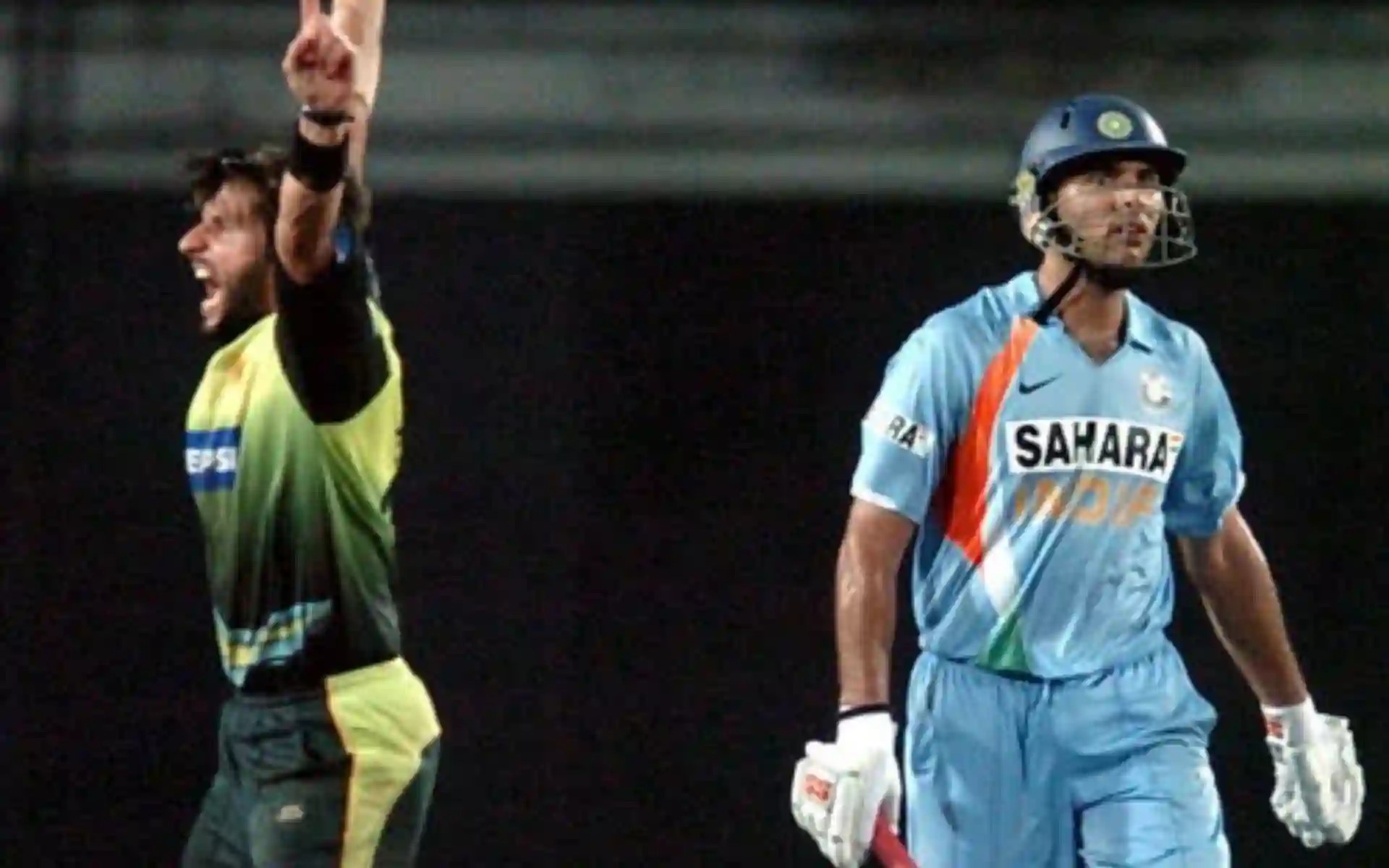 India hasn't toured Pakistan since 2008 [Source: @SajSadiqCricket/x.com]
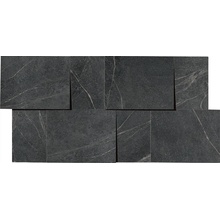 Cercom Soap Stone С000543620 1070916_Mos.3DSoapBlack30X60 Mosaiikki 30x60 cm, Italia, muut kivilajit - kuva 1 - kuva 1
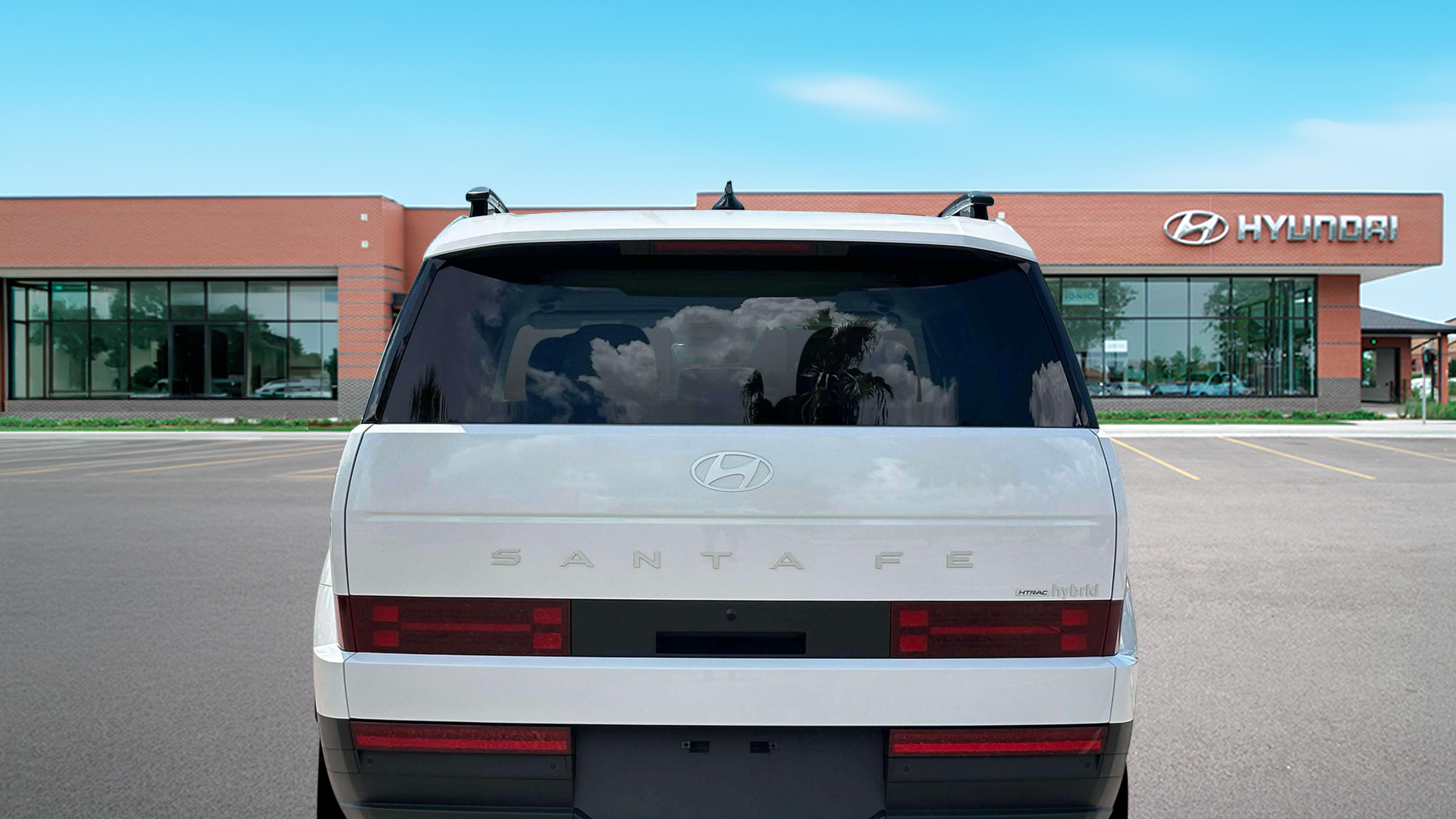 2026 Hyundai SANTA FE Hybrid SEL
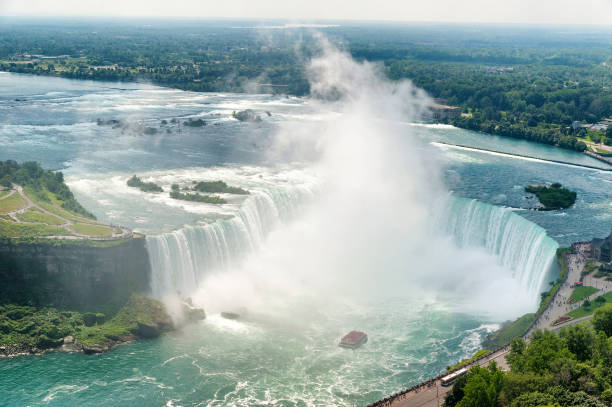 istock Niagara Falls Horse shoe 831518944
━━━
Task goal:
Apart from the pictures, every line above must be printed exactly.

Answer below:
 India hasn't toured Pakistan since 2008 [Source: @SajSadiqCricket/x.com]
 Cercom Soap Stone С000543620 1070916_Mos.3DSoapBlack30X60 Mosaiikki 30x60 cm, Italia, muut kivilajit - kuva 1 - kuva 1
 2026 Hyundai SANTA FE Hybrid SEL
 istock Niagara Falls Horse shoe 831518944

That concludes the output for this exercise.